ET Now: The market breadth this week was extremely weak. We witnessed deep cuts across various sectors and individual stocks. How are you assessing and reading into the valuations at this point of time? Do you think it is a good idea to pick up stocks?
Sudip Bandyopadhyay: There is significant nervousness in the market. The global trend does not look favourable at all with US-China trade war creating significant concern among global investors. They have been continuously selling in emerging markets including India, which does not augur well for us. We are about 10 days away from the election results and there is some amount of nervousness. The volatility is also creeping in.
Corporate results are another area of worry for the markets. I do not think corporate results have been anything other than dull and a little disappointing. Most corporates have performed worse than expected. There is a definite slowdown in demand of consumer goods, and that is weighing heavily on the mind of investors.
A bit of a somber mood has set in, as far as markets are concerned and yes, the investors are selling. However, there are interesting opportunities emerging in pockets for a long-term investor to go bottom fishing but one needs to be careful. This is like trying to pick up a falling knife -- it would be better to rather wait and watch. Selective buying is possible, but caution is the word for at least next 7-10 days.
ET Now: Are these concerns real?
As far as Reliance is concerned, some of the brokerages have expressed concerns over the traditional businesses, namely the energy and pet-chem but do remember they have a leverage issue. The balance sheet is significantly leveraged and concerns over the leverage have been expressed before last week also. But having said that, the way I look at Reliance, I think there is significant potential for the company as far as the new businesses are concerned. Both Jio and Retail are growing at a phenomenal speed. Deleveraging is easily possible and the Saudi Aramco deal can take care of the leverage issue. The deal is in the works and that is what we hear from sources. Also, the tower assets and the infrastructure assets of the telecom business are supposed to be put in a REIT soon. The concerns on overall petroleum business are temporary. As a long term investor, this is probably the right time to buy Reliance and make use of these corrections.

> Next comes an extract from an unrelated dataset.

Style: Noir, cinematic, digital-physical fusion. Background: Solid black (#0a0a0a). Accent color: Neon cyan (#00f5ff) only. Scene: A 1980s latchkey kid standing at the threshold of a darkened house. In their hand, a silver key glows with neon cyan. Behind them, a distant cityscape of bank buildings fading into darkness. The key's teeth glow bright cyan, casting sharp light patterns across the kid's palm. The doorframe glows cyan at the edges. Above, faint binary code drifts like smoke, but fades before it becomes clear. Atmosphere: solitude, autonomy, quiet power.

ET Now: How are you reading into the private banking space right now? Among the heavyweights -- HDFC Bank, ICICI Bank, Axis Bank -- what are your preferred picks?

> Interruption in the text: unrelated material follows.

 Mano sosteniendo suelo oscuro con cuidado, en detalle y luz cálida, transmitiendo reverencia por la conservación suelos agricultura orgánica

Sudip Bandyopadhyay: We have been bullish on corporate facing banks for some time and we maintain our view. There is absolutely nothing wrong with HDFC Bank or Kotak Bank or even IndusInd Bank but the valuation at which they are quoting there does not offer much scope for significant appreciation from current levels. Whereas, for corporate facing banks including the PSU banks we believe things will improve from here on. There is an opportunity of valuation moving upwards over the next 6 to 12 months. One can buy an SBI, or an Axis Bank, or an ICICI Bank but if you are an aggressive investor then you can also look at some of the midcap private banks. Federal Bank is a prime pick in that space. Their performance this quarter was fantastic and probably they will continue to maintain this trend. There is a significant opportunity as far as Federal Bank is concerned.

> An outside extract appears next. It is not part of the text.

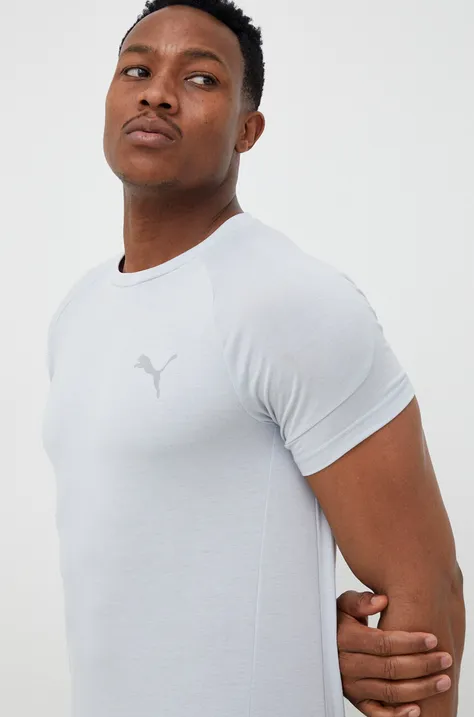 Puma t-shirt treningowy Evostripe kolor szary gładki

Sudip Bandyopadhyay: As far as next week is concerned, if you are willing to give a little time, then one can look at chemicals and cement. These two sectors are picking up and we have been bullish on them for quite some time. The current market correction is a great opportunity to buy good cement stocks. Fundamentally, the cement companies have got back the pricing power which was missing, volume growth was visible over the last couple of quarters but finally, we are seeing a price increase and volume growth and that is a good trend. North and central India are ripe for sustained margin improvement in cement companies operating in that space and one can look at companies like Birla Cement, Heidelberg Cement, JK Lakshmi Cement, JK Cement. These companies look extremely good from a one-year view.